Faithfulness to a Rebbe

I heard a few more stories from Rabbi Paltiel’s shiur today.

Tzemach Tzedek and a number of other Jewish “authorities” (I am using quotation marks, because among them were not just frum Jews and gedolim, but also major appikorsim of the time), were brought by the government to Petersburg to vote on a number of “Jewish questions”, most of which, as was usual for such conferences, had to do with “modernization” and assimilation of Jews.

There was a garden which was off-limits to most of the people, but could be used by the government officials and the guests of the government. Tzemach Tzedek never entered that garden. Even though to walk from the hotel where he was staying to the place of the conference, he had to go around the garden, which was quite a walk, he still did that every day.

On one day, they were supposed to discuss and then vote on the proposal to ban all books containing Kabbalah and Chassidus. Rabbi Paltiel says: appikorsim knew the power of Chassidus and Kabbalah. He also tells a story of one girl who was interested in Judaism and was going to a Reform temple. At the same time she encountered a local shliach and went to a few classes by him. One day she came to the Reform “rabbi” of the temple and asked: “I was looking in the library, and I couldn’t find one book. Do we have a copy of Tanya here?” The rabbi became pale and answered: “No, we don’t have that book. Look, I have to talk to you”. And he proceeded to explain to her all the dangers of learning Tanya and Chassidus. The girl later said: “Nothing made me more interested and motivated in learning Chassidus than that rabbi explaining its ‘dangers’.”

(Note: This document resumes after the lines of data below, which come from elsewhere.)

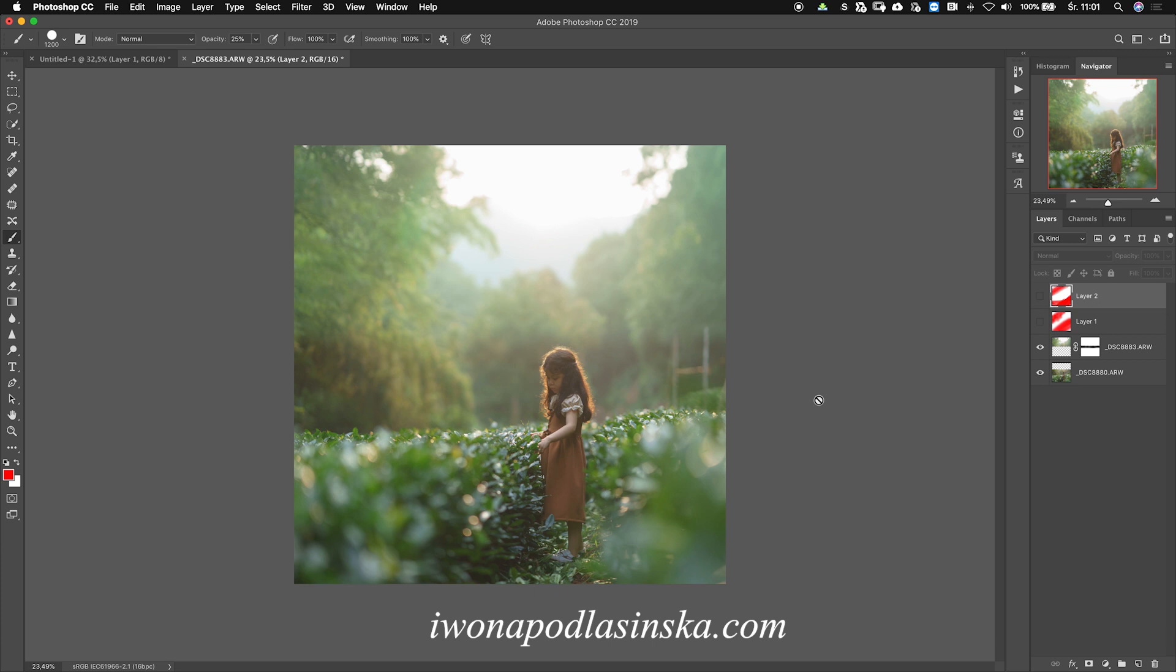And yeah, check my workshops because I'm coming to many countries next year. So see you next time, bye!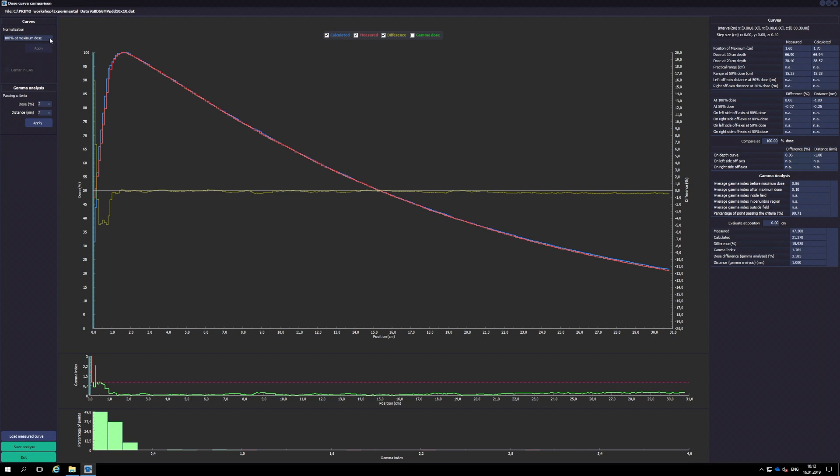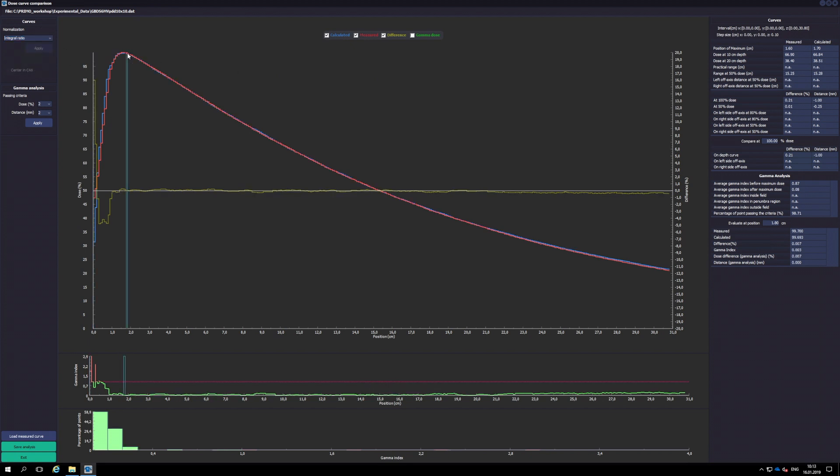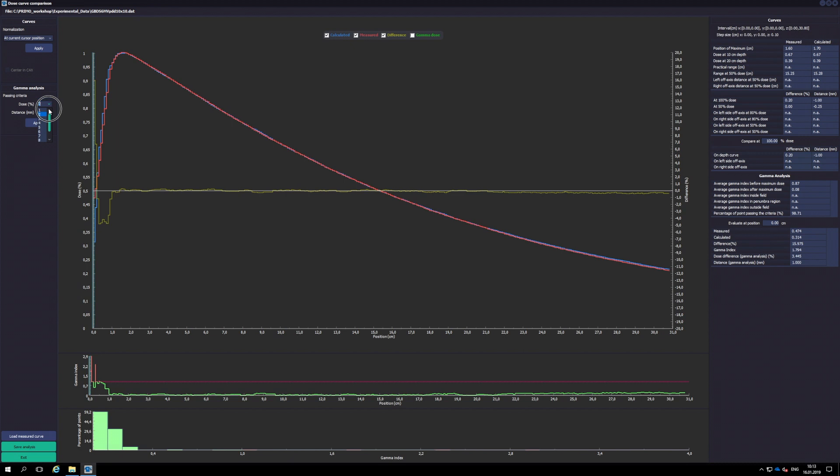The normalization method of both curves can be chosen from the drop-down menu on the left. The passing criteria for the gamma analysis can also be changed. Numerical results appear on the right.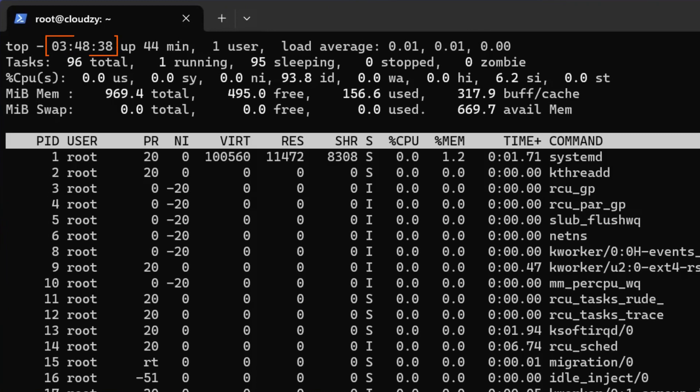The first thing you can see here is your system's time. Up 44 min is the duration that your system has been running. The next figure shows you the current number of system users.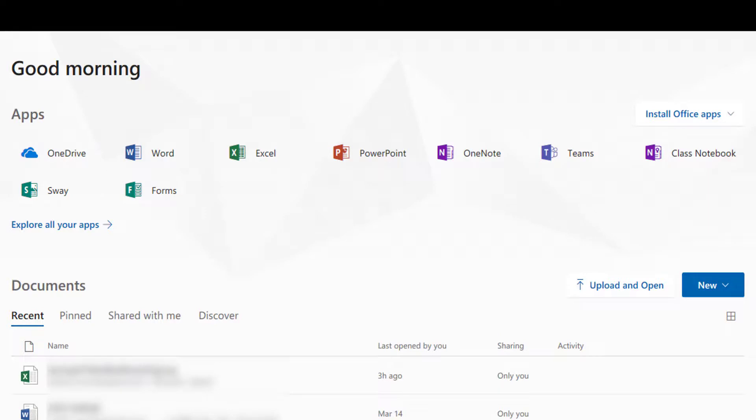OneDrive provides the ability to share and collaborate on files with others, even if they are not affiliated with SHSU.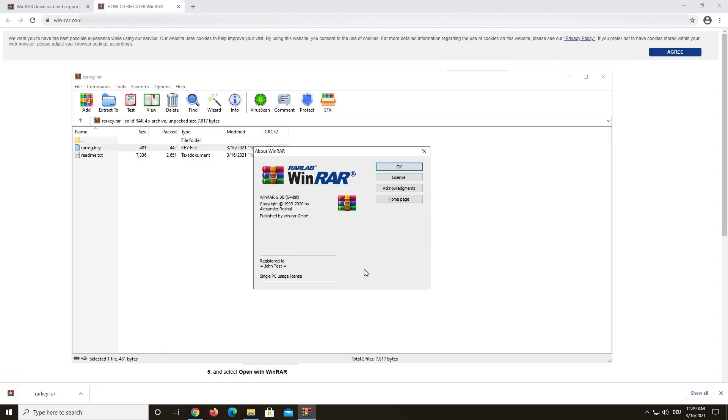Now you know if your WinRAR registration was successful. Thank you for buying our program and I hope we could help you out today.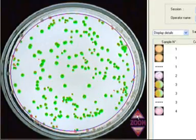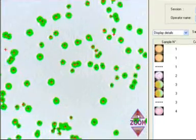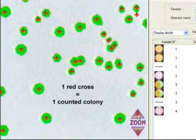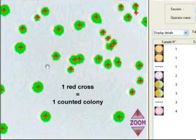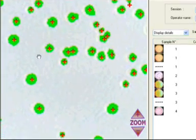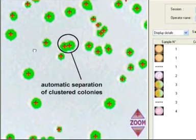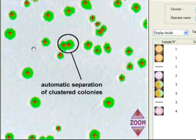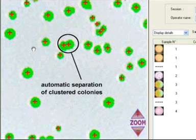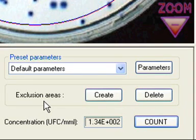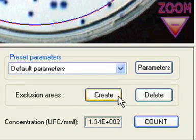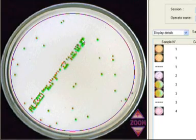Zoom in on the image. Each counted colony is marked with a cross. The separation of clustered colonies is automatic. Create your own exclusion areas to avoid unwanted counted elements.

Anyway, so that day, Tzemach Tzedek went through the garden. On a bench was sitting one of the most prominent appikorsim of the time. He was one of the most dangerous appikorsim, because he was very learned in Torah. At the same time, he was not a bully, but a refined person. With tears streaming down his cheeks, Tzemach Tzedek approached him and said: “The Rebbe [Rabbeinu HaKadosh] said: ‘In one hour, a man can acquire for himself the World-to-Come.’ Vote with us today.” And on that day, the man supported Tzemach Tzedek and Reb Itzhe Volozhiner.

When Tzemach Tzedek came from that conference together with his son Maharil, the latter, having seen the mesirus nefesh that Tzemach Tzedek showed for chinuch (he had been arrested twenty two times total), went to his mother and said: “I have a new Rebbe” (meaning, he recognized Tzemach Tzedek as his Rebbe).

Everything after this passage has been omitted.